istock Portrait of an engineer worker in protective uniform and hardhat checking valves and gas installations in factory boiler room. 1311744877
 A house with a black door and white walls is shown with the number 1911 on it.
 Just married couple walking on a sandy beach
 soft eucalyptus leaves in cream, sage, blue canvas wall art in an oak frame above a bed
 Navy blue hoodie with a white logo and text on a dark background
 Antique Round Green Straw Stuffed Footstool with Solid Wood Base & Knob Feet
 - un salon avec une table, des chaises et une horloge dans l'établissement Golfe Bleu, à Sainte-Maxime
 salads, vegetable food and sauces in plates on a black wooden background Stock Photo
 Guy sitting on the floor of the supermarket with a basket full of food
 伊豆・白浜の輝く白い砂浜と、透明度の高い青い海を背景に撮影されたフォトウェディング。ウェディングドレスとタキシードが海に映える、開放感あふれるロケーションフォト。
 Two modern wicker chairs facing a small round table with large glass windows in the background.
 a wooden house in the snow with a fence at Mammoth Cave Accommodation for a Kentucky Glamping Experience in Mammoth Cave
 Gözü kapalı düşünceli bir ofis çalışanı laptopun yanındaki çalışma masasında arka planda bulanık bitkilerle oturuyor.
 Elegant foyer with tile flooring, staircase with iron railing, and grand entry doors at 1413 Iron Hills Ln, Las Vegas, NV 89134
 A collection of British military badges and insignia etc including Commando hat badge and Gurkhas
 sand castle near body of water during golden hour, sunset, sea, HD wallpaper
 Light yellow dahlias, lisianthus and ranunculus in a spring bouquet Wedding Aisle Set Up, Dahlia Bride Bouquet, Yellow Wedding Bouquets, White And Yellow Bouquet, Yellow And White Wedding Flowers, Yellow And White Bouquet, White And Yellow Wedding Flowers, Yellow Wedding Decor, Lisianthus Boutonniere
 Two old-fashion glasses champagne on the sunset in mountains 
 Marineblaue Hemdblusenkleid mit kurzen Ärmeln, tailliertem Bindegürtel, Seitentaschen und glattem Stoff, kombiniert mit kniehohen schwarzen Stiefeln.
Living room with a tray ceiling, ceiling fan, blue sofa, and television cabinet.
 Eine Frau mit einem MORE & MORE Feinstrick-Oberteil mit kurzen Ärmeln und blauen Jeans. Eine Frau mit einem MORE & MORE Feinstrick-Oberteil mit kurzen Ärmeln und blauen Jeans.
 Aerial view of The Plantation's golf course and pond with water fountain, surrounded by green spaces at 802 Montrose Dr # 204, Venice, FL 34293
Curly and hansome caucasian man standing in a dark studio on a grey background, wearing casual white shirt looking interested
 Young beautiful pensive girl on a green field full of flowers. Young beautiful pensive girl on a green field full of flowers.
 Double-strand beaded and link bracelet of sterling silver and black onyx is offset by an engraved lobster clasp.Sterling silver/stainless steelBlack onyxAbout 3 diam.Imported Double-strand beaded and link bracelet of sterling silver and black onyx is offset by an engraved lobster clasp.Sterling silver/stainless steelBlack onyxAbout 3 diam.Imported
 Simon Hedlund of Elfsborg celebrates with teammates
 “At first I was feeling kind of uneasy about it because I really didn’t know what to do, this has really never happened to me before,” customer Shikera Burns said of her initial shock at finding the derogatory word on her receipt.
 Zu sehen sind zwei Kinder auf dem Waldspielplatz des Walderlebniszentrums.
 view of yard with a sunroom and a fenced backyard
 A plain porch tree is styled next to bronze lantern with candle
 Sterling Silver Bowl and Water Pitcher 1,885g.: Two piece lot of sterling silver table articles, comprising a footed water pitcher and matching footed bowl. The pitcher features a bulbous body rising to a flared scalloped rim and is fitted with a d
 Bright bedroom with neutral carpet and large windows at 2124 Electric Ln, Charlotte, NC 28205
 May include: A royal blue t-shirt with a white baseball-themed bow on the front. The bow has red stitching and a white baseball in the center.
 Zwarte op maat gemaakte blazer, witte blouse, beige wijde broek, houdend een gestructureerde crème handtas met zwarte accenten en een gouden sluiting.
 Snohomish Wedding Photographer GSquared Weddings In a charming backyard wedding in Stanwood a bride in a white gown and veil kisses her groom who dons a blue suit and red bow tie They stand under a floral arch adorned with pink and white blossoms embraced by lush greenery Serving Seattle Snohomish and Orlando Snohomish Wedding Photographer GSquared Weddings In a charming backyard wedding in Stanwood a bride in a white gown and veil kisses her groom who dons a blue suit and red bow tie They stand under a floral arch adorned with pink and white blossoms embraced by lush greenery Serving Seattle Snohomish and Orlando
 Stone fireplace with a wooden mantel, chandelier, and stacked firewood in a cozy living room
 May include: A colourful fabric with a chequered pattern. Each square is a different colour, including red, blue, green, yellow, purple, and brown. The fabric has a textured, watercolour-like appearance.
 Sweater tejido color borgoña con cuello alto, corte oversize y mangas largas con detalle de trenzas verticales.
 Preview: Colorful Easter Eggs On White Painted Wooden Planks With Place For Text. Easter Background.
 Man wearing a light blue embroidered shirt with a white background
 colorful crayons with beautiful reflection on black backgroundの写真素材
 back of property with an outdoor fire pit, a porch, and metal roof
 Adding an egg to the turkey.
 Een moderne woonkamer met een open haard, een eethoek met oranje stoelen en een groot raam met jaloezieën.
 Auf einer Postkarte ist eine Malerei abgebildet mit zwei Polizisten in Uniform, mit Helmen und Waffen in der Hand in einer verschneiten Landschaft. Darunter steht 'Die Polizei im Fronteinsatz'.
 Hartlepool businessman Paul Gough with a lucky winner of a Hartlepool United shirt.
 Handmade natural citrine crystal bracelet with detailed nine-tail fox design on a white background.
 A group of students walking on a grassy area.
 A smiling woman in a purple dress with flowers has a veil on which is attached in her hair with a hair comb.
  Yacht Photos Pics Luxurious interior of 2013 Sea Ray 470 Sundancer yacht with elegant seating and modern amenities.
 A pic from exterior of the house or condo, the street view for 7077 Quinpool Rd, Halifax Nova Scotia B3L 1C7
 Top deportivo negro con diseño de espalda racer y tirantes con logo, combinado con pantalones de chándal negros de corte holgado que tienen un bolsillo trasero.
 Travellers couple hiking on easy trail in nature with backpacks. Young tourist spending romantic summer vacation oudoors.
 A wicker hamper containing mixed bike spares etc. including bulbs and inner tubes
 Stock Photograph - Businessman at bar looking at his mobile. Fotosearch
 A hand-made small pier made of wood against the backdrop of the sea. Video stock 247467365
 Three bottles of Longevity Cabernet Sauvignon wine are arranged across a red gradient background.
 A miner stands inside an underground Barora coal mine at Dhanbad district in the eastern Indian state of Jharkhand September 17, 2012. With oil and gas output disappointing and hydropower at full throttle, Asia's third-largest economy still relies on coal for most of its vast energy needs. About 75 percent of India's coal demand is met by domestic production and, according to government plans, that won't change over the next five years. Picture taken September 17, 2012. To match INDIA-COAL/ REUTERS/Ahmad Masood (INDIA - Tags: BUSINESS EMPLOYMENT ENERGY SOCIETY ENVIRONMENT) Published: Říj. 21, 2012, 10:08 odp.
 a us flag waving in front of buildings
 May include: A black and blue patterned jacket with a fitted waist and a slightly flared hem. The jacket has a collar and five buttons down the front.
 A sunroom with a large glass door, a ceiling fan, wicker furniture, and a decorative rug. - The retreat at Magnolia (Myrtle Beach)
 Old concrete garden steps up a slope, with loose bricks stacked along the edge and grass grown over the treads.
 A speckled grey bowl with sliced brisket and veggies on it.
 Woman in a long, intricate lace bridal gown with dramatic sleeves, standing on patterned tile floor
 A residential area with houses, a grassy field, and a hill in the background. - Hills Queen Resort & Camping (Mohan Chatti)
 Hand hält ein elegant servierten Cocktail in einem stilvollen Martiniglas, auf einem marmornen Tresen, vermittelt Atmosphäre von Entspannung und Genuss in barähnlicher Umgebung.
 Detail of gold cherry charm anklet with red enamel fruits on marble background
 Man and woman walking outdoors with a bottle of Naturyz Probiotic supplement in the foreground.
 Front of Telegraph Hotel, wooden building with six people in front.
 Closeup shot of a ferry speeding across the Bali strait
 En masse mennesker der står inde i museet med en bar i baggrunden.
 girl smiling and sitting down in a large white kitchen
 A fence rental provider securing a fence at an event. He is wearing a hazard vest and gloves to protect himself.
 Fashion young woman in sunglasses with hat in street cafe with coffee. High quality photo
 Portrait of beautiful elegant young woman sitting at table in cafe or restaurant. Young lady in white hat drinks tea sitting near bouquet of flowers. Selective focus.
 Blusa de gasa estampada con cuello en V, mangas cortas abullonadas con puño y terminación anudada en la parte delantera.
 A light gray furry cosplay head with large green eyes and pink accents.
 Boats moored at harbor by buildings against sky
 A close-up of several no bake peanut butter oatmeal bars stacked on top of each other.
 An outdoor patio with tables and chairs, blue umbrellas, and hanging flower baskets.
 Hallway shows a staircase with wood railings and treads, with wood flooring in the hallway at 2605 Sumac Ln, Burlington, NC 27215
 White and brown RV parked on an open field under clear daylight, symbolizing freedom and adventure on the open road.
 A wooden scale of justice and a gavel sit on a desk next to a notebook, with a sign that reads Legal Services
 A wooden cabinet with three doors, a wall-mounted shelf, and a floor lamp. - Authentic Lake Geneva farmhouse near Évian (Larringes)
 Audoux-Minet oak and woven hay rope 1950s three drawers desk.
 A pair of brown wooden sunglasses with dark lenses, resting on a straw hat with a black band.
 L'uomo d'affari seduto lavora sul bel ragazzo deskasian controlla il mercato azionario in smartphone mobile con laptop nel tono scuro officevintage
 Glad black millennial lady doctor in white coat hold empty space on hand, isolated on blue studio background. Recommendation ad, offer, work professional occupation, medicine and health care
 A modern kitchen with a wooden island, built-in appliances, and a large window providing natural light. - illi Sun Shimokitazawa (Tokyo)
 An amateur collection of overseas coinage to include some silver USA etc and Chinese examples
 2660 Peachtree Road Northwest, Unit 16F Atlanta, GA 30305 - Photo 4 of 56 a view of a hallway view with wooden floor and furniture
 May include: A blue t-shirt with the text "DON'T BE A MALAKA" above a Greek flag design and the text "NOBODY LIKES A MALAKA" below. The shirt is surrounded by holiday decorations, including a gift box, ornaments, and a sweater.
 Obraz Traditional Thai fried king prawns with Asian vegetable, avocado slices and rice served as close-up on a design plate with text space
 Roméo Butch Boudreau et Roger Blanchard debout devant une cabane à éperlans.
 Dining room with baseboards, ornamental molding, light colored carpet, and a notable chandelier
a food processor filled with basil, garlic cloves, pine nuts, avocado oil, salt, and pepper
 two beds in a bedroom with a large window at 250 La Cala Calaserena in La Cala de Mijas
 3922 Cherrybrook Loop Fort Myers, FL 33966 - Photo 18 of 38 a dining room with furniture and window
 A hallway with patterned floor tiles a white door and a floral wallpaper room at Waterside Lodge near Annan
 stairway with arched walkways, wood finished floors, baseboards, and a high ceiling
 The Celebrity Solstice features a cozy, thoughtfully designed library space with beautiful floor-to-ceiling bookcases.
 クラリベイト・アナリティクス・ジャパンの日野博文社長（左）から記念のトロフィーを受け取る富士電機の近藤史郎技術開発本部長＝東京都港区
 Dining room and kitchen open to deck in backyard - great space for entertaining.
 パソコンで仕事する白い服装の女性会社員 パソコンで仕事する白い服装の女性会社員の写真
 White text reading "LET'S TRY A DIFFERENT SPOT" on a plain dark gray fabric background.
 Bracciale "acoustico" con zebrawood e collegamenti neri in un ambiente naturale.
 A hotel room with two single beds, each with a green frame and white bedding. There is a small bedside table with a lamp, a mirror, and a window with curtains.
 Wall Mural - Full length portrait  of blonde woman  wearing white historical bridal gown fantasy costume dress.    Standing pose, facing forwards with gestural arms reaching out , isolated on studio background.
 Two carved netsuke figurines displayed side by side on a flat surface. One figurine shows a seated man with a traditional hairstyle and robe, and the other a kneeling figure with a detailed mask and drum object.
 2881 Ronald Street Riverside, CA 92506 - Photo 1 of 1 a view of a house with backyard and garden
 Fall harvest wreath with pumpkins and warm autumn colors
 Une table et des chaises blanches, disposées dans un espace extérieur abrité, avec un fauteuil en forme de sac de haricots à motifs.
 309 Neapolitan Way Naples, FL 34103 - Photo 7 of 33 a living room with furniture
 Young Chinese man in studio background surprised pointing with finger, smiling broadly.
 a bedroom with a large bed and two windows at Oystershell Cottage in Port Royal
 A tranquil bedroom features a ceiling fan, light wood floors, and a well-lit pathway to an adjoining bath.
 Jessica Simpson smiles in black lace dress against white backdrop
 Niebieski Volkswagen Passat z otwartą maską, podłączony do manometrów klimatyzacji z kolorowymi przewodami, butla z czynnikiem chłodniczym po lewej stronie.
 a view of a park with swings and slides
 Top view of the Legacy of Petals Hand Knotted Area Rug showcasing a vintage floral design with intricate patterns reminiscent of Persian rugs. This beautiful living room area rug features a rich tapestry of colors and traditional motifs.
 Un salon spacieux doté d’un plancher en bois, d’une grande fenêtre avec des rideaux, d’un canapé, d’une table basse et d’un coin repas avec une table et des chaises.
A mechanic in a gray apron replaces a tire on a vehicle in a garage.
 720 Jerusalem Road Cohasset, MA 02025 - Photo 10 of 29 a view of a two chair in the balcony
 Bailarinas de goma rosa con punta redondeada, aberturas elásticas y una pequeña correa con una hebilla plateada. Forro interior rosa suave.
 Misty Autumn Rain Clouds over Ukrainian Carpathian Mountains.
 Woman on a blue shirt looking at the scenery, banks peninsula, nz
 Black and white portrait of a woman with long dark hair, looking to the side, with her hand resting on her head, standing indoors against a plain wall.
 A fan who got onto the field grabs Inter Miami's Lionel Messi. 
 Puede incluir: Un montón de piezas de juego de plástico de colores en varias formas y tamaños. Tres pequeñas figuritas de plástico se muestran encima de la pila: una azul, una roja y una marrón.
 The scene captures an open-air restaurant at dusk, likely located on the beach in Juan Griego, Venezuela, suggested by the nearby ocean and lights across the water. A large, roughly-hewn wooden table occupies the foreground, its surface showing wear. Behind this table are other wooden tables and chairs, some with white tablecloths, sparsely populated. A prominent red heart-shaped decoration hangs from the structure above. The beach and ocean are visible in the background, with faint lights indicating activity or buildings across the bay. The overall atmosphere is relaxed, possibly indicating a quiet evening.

———

WORK TO BE COMPLETED ▸ Reproduce the lines of the entries above from the one with "Navy blue hoodie" to the one with "Living room with a", both included, exactly and without any other line.

REPLY TO THE EXERCISE ▸
 Navy blue hoodie with a white logo and text on a dark background
 Antique Round Green Straw Stuffed Footstool with Solid Wood Base & Knob Feet
 - un salon avec une table, des chaises et une horloge dans l'établissement Golfe Bleu, à Sainte-Maxime
 salads, vegetable food and sauces in plates on a black wooden background Stock Photo
 Guy sitting on the floor of the supermarket with a basket full of food
 伊豆・白浜の輝く白い砂浜と、透明度の高い青い海を背景に撮影されたフォトウェディング。ウェディングドレスとタキシードが海に映える、開放感あふれるロケーションフォト。
 Two modern wicker chairs facing a small round table with large glass windows in the background.
 a wooden house in the snow with a fence at Mammoth Cave Accommodation for a Kentucky Glamping Experience in Mammoth Cave
 Gözü kapalı düşünceli bir ofis çalışanı laptopun yanındaki çalışma masasında arka planda bulanık bitkilerle oturuyor.
 Elegant foyer with tile flooring, staircase with iron railing, and grand entry doors at 1413 Iron Hills Ln, Las Vegas, NV 89134
 A collection of British military badges and insignia etc including Commando hat badge and Gurkhas
 sand castle near body of water during golden hour, sunset, sea, HD wallpaper
 Light yellow dahlias, lisianthus and ranunculus in a spring bouquet Wedding Aisle Set Up, Dahlia Bride Bouquet, Yellow Wedding Bouquets, White And Yellow Bouquet, Yellow And White Wedding Flowers, Yellow And White Bouquet, White And Yellow Wedding Flowers, Yellow Wedding Decor, Lisianthus Boutonniere
 Two old-fashion glasses champagne on the sunset in mountains 
 Marineblaue Hemdblusenkleid mit kurzen Ärmeln, tailliertem Bindegürtel, Seitentaschen und glattem Stoff, kombiniert mit kniehohen schwarzen Stiefeln.
Living room with a tray ceiling, ceiling fan, blue sofa, and television cabinet.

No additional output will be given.